M. Jumelle n'a pas changé pendant les quelques mois où nous l'avons perdu de vue.
Il a toujours cette finesse de jugement, ce flair de chien courant qui ne l'a trompé qu'une fois: dans l'affaire de la rue du Petit-Pas.
Tel qu'un bon bourgeois qui se promène après un plantureux souper, l'honnête M. Jumelle, enveloppé d'une douillette de soie puce, passe en souriant, ses lunettes sur son nez, à travers les rassemblements les plus tumultueux. De temps en temps, il imite les insurgés qui le coudoient et pousse un formidable: Vive Henri V!
Un jeune homme remarquait depuis quelques instants ce doux et inoffensif promeneur.
Il s'approcha de M. Jumelle et lui tendit la main.
—Je vois que vous êtes des nôtres, monsieur, lui dit-il.
—En effet, monsieur, riposta l'agent de police.
Et il pensait tout bas:
«Ce sera bien le diable si ce gaillard-là ne m'apprend pas quelque chose qu'il sera bon de savoir.»
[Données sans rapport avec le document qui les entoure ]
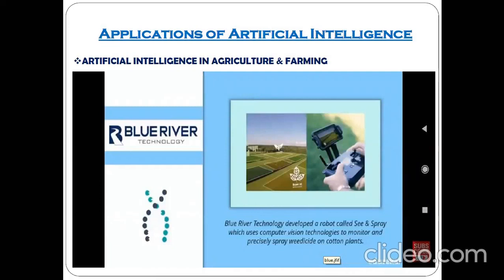What it does is: it observes every leaf and then only sprays where needed. It precisely sprays the weedicide only on the cotton plants where required.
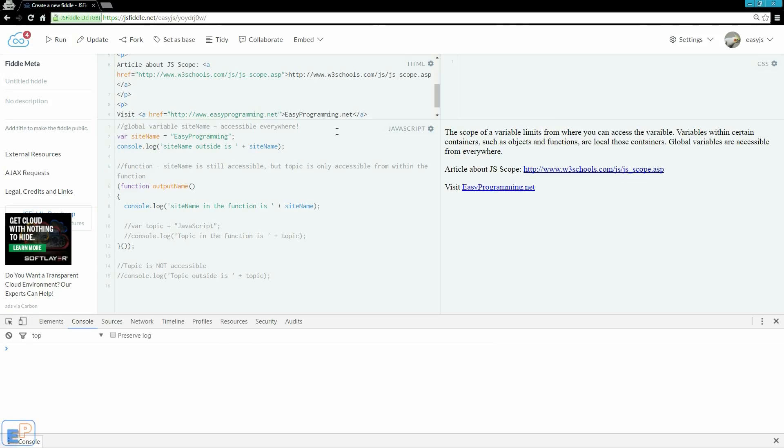Hey there, welcome to the 7th Easy JavaScript Tutorial part of EasyProgramming.net. I covered the different types of variables and their various aspects in the last two tutorials, including the use of strict mode in JavaScript.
—Seulement, permettez-moi une simple question, continua l'agent de police. Moi, voyez-vous, je suis un bon vieillard, bien calme et bien doux. Je ne m'attendais nullement à ce qui se passe. Je dormais ma nuit quand j'ai entendu crier: Vive Henri V! Aussitôt, ce cri, cher à mon cœur, m'a arraché au sommeil, et je suis venu me mêler à vous, à vous, mes braves amis!